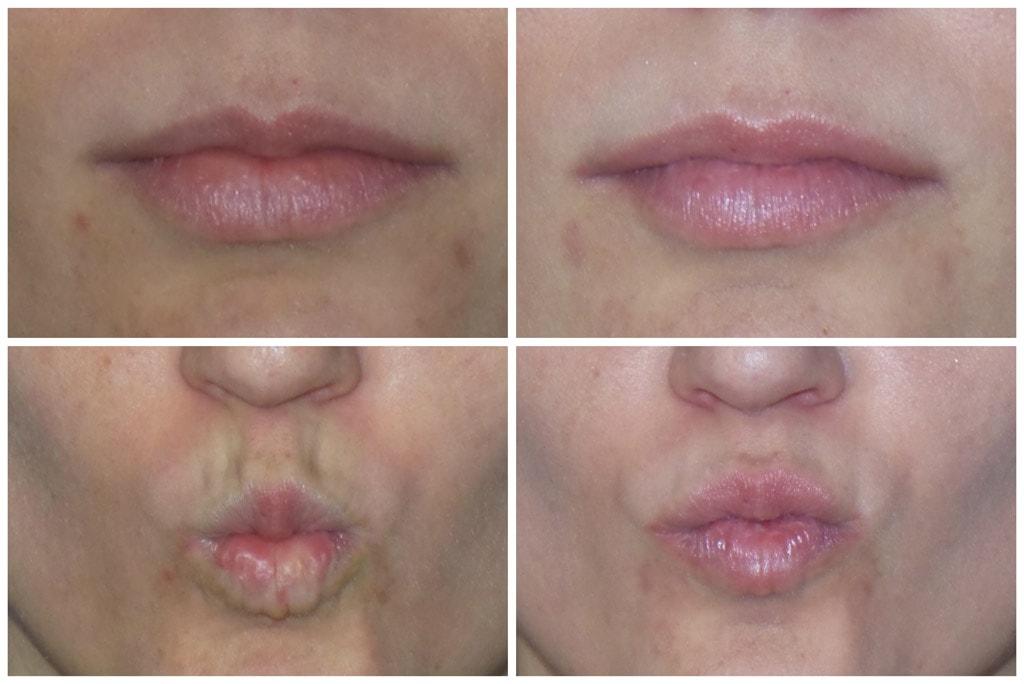 ReFresh Aesthetic Center botox result — Mequon, WI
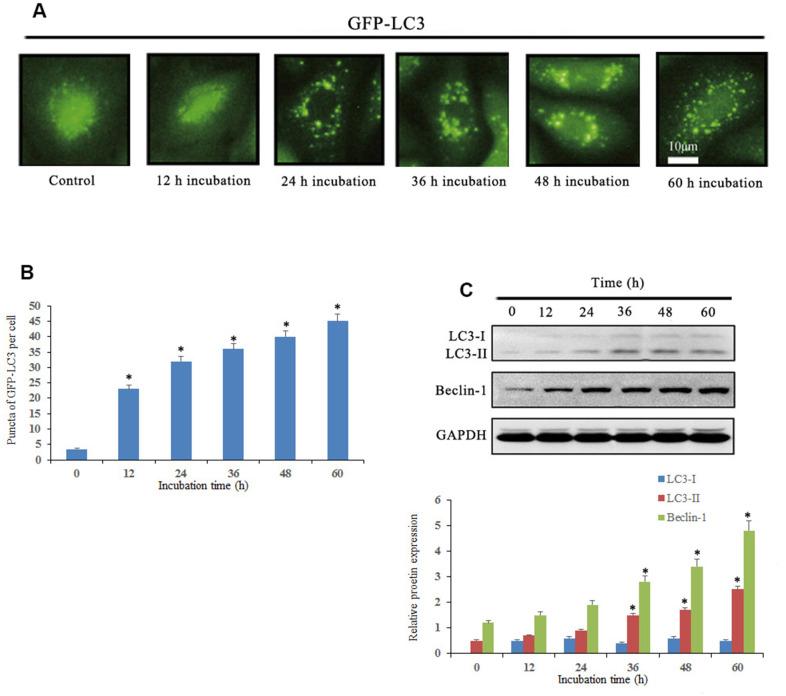 https://cdn.ncbi.nlm.nih.gov/pmc/blobs/4154/8457590/6bb3cd17a4d4/aging-13-203261-g005.jpg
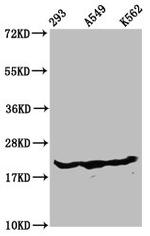 beta-hydroxybutyryl-Histone H1.3 (Lys75) Antibody in Western Blot (WB)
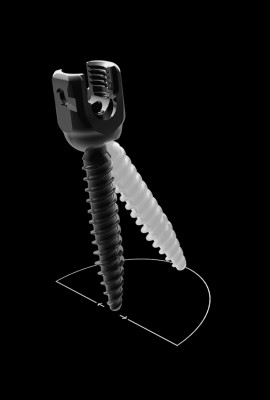 Tornillo 25D específico para la deformidad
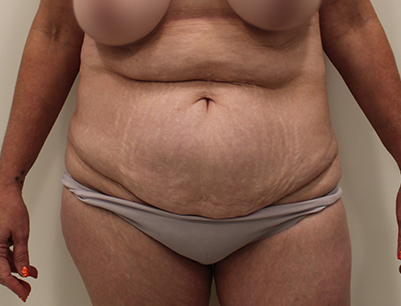 Tummy Tuck before and after - before
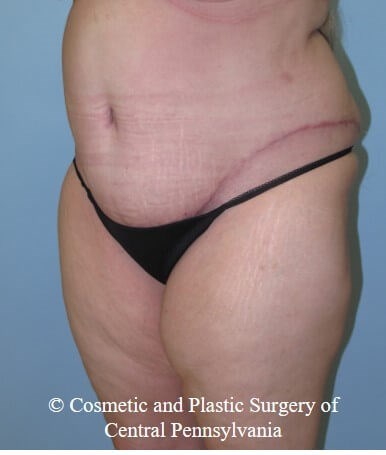 Abdominoplasty (Tummy Tuck) After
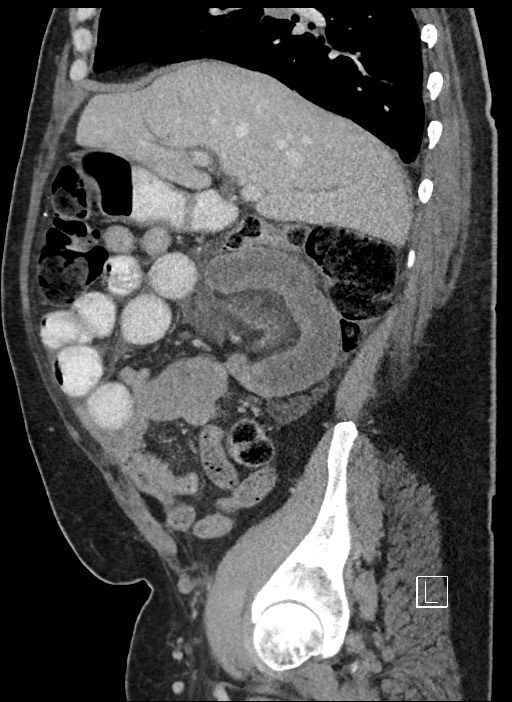 Closed loop obstruction - internal hernia into nephrectomy bed (Radiopaedia 59867-67320 C 71).jpg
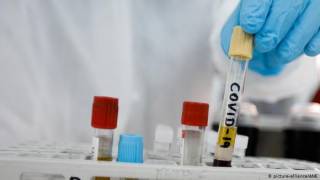 Ученые призывают изменить стратегию борьбы с коронавирусом
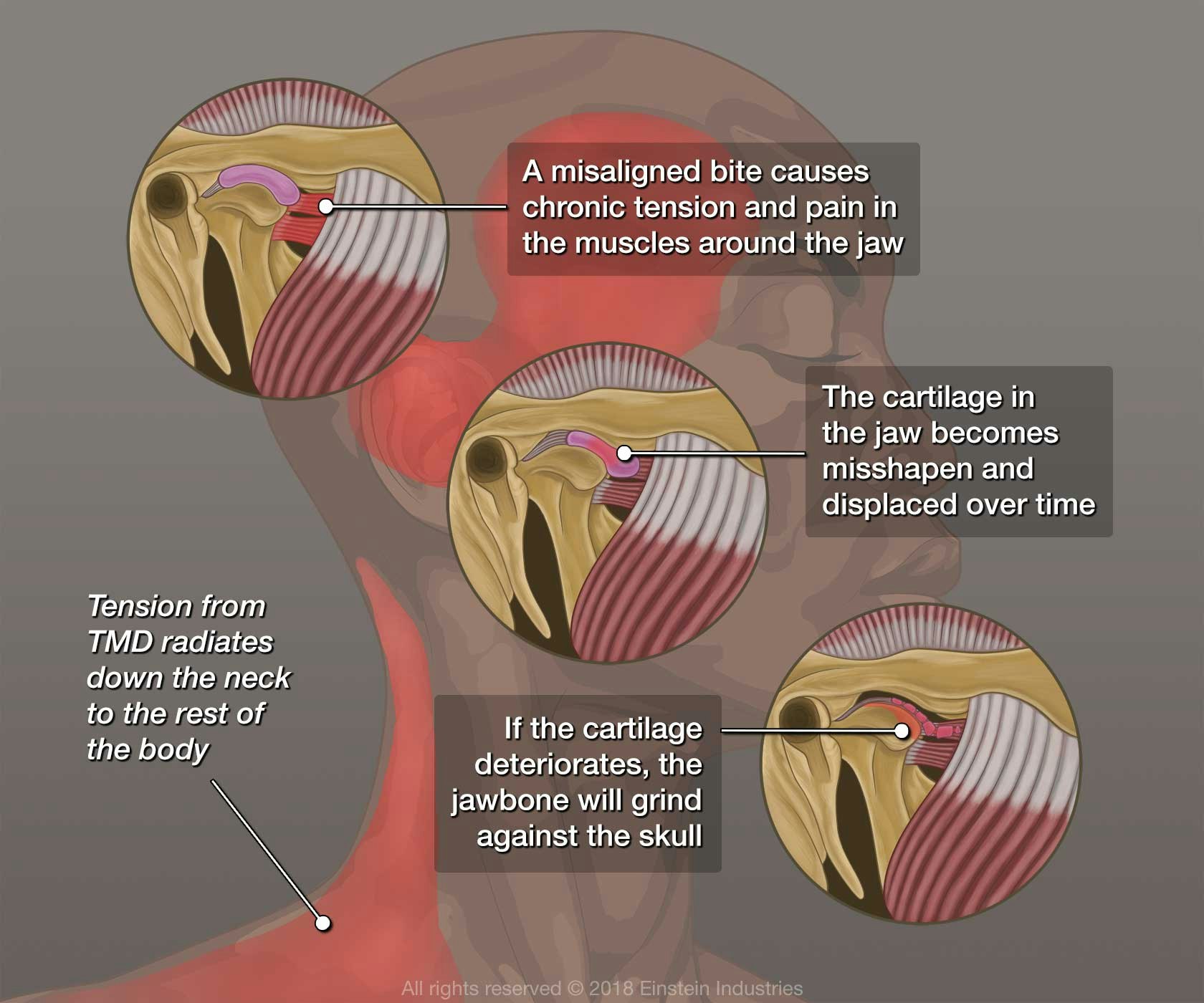 A misaligned bite causes chronic tension and pain in the muscles around the jaw. Tension from TMD radiates down the neck to the rest of the body. The cartilage in the jaw becomes misshapen and displaced over time. If the cartilage deteriorates, the jawbone will grind against the skull.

§ §

▶ _THE TASK_: Repeat the entries verbatim; no pictures.

▶ _YOUR RESPONSE_:
 ReFresh Aesthetic Center botox result — Mequon, WI
 https://cdn.ncbi.nlm.nih.gov/pmc/blobs/4154/8457590/6bb3cd17a4d4/aging-13-203261-g005.jpg
 beta-hydroxybutyryl-Histone H1.3 (Lys75) Antibody in Western Blot (WB)
 Tornillo 25D específico para la deformidad
 Tummy Tuck before and after - before
 Abdominoplasty (Tummy Tuck) After
 Closed loop obstruction - internal hernia into nephrectomy bed (Radiopaedia 59867-67320 C 71).jpg
 Ученые призывают изменить стратегию борьбы с коронавирусом
 A misaligned bite causes chronic tension and pain in the muscles around the jaw. Tension from TMD radiates down the neck to the rest of the body. The cartilage in the jaw becomes misshapen and displaced over time. If the cartilage deteriorates, the jawbone will grind against the skull.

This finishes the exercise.